Top of Data under study
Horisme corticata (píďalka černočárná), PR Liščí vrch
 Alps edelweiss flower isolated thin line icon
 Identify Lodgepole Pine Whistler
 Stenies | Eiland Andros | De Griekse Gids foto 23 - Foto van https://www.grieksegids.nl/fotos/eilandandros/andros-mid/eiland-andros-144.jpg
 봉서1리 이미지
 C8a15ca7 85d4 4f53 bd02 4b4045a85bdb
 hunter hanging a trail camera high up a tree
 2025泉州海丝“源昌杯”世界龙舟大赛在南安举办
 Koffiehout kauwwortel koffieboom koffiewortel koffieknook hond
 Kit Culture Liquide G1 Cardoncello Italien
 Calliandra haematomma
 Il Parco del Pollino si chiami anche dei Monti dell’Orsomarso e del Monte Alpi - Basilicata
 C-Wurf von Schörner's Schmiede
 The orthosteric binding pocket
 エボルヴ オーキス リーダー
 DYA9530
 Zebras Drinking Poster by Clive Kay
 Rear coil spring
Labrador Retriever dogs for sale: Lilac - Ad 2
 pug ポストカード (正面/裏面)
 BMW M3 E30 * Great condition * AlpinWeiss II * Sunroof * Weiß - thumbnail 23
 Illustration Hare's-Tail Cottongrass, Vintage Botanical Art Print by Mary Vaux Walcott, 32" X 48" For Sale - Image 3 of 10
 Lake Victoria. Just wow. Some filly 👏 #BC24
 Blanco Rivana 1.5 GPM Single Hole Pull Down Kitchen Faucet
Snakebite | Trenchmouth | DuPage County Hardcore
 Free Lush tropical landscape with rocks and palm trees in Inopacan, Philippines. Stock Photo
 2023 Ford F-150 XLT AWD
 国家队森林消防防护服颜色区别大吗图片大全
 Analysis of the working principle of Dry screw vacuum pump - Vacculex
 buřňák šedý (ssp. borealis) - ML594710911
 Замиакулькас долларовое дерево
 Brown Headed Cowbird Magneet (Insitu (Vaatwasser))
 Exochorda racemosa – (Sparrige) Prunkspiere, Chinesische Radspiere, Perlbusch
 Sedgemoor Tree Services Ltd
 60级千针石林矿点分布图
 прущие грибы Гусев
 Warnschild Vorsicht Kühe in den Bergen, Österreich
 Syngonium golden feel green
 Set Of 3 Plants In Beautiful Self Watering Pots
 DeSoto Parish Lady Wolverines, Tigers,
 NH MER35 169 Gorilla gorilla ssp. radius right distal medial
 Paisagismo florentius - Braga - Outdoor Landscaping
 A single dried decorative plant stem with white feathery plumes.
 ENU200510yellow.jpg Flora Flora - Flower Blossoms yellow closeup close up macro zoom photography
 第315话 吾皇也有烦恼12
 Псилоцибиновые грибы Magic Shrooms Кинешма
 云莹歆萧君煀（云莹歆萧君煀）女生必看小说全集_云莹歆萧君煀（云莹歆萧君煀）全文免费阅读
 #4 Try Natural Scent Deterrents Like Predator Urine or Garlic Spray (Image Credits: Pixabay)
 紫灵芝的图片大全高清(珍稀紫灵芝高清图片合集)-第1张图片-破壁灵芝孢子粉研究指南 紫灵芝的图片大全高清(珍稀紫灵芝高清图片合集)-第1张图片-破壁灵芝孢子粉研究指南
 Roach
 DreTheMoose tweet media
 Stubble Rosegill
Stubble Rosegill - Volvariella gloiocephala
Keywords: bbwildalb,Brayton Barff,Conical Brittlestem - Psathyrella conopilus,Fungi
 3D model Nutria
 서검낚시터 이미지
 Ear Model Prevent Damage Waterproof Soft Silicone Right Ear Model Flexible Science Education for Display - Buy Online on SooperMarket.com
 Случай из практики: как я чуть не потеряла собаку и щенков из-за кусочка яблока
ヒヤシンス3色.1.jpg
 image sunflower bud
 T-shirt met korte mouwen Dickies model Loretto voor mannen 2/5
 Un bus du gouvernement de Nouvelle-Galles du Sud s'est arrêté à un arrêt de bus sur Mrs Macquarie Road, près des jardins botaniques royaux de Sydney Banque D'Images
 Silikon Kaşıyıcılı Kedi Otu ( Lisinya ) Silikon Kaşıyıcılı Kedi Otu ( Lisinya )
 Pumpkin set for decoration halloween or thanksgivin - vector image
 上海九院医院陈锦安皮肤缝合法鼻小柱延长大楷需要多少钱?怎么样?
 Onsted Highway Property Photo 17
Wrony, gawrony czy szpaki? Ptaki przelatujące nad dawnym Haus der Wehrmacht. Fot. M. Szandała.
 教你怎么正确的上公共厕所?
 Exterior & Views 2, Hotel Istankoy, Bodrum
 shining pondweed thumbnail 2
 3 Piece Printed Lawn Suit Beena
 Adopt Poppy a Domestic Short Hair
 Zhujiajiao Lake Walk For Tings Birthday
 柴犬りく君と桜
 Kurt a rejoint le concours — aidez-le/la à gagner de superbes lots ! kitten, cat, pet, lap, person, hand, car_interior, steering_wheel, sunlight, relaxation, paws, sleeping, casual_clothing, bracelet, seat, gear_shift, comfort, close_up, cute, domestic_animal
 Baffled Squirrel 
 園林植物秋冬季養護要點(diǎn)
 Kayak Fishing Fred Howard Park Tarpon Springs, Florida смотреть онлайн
Bottom of Data under study
What you will do: Note every line above where the string "thumbnail" shows up, and copy those lines.

Solved exercise:
 BMW M3 E30 * Great condition * AlpinWeiss II * Sunroof * Weiß - thumbnail 23
 shining pondweed thumbnail 2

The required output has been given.